That said, the discussion seems stuck in a false binary between the control of self-hosting and the convenience of corporate services, but I think what the market wants is a third way that provides both control and convenience.
And to be honest, public libraries already do this, y'all. GO GET A LIBRARY CARD. You can stream from Kanopy at home.
Exactly! Here in Spain there is a network of web libraries that are proxies of your corresponding local library that allow lending as long as you have a library card. You even have magazines and newspapers, I know because I developed such network!
How come that a public library, one of the earliest examples of centralized information infrastructure, is not an example of outsourcing and relinquishing control? Instead of your own (small) books collection you get to use some external (huge) book collection. But now you only can borrow a physical book, or some recorded media. You have to return it, and making a copy for personal use only is still a bit problematic.
Either you own and control something, or you do not, there's no third option. A best, you can outsource your stuff piecewise: run your own software on a cloud VM, or bring your own furniture into a rented apartment, or give a valet the keys to the car you own for parking, etc. But there's always some relinquishing of control in exchange to some other aspect of efficiency / comfort.
It's also easy to mistake what most people want for what everyone wants, and miss an important market.
> That said, the discussion seems stuck in a false binary between the control of self-hosting and the convenience of corporate services, but I think what the market wants is a third way that provides both control and convenience.
If I were to run my own version of Google Photos and the like, I'd probably go with the hybrid option:
Run all the software I'd run if I was self-hosting, but in the cloud, possibly with a backup in a second cloud. ie, put my photos in Backblaze B2, with second copies in S3 or something.
Personally, half the reason I use Google Photos is so that if my house burns down, I don't lose my pictures. A self-hosted server running under my desk doesn't carry that guarantee. Backups are off-site for a reason.
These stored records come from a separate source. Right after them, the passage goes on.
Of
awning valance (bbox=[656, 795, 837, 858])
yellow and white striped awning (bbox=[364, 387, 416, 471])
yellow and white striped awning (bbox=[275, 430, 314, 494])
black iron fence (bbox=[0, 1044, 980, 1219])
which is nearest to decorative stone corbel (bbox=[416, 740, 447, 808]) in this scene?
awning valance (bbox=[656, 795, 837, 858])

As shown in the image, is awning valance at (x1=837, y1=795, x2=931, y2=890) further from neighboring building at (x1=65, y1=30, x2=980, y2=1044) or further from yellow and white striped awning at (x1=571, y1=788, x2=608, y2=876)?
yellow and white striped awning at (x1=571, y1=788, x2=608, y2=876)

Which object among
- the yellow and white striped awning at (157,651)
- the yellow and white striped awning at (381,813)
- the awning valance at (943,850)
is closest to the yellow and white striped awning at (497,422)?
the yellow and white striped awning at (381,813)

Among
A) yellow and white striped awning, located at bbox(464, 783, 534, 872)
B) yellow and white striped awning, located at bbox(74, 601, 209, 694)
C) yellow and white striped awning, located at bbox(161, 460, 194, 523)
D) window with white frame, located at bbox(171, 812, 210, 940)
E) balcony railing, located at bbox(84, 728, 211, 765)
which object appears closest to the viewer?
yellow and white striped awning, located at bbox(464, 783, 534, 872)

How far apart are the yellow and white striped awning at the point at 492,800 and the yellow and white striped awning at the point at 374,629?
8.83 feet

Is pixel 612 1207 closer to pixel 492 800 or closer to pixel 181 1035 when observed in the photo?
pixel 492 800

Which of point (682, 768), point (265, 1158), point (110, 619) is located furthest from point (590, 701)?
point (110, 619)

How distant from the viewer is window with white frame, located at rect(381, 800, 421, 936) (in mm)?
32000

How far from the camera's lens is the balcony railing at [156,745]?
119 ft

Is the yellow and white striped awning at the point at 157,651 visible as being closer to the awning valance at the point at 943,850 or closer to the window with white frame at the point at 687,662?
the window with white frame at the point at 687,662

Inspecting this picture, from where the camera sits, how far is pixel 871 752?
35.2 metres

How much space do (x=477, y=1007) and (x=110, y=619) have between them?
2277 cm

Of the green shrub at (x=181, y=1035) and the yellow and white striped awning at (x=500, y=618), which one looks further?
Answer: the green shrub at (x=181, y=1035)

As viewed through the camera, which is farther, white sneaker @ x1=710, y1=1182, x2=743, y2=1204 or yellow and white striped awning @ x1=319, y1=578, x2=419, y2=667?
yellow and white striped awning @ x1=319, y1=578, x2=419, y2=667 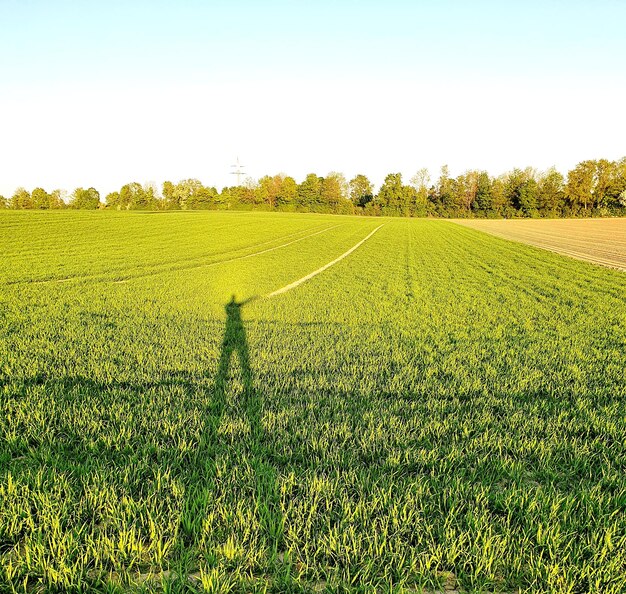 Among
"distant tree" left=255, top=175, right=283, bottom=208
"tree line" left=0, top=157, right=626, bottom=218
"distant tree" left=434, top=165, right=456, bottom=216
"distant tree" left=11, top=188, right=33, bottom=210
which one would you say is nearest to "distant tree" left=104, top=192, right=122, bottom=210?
"tree line" left=0, top=157, right=626, bottom=218

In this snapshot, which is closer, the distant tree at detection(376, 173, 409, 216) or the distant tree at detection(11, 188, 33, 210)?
the distant tree at detection(376, 173, 409, 216)

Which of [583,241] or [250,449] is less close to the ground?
[583,241]

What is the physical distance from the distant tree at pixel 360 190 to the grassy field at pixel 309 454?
14116cm

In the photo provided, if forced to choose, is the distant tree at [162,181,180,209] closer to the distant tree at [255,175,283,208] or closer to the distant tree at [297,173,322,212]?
the distant tree at [255,175,283,208]

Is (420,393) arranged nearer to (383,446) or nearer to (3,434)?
(383,446)

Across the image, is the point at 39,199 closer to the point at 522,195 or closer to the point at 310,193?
the point at 310,193

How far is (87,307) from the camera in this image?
10359 mm

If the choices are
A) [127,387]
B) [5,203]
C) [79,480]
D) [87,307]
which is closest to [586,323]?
[127,387]

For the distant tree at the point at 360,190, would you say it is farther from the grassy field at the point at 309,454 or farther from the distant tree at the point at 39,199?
the grassy field at the point at 309,454

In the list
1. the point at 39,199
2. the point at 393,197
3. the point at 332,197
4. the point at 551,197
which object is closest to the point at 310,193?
the point at 332,197

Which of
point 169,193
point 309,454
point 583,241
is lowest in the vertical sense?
point 309,454

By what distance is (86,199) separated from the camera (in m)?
142

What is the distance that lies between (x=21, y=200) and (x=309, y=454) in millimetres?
171126

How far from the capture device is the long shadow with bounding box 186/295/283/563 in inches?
115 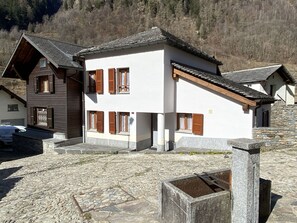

Though maybe self-hosted at home with a single cloud backup would be good enough.
I don't feel like most people even know self-hosting is an option.
I wasn't aware of how most ingredients were made and what effect they had to my body. Once I learnt I started being way more careful with how I source food.
Same goes with technology: people don't understand that what they upload can be used against them or arbitrarily taken away from them, what they buy can be removed, that companies spy and abuse them. Once they do, many look into self-hosting or at least other alternatives from big tech. I've met many who want to self-host, but they lack the technical literacy to do so.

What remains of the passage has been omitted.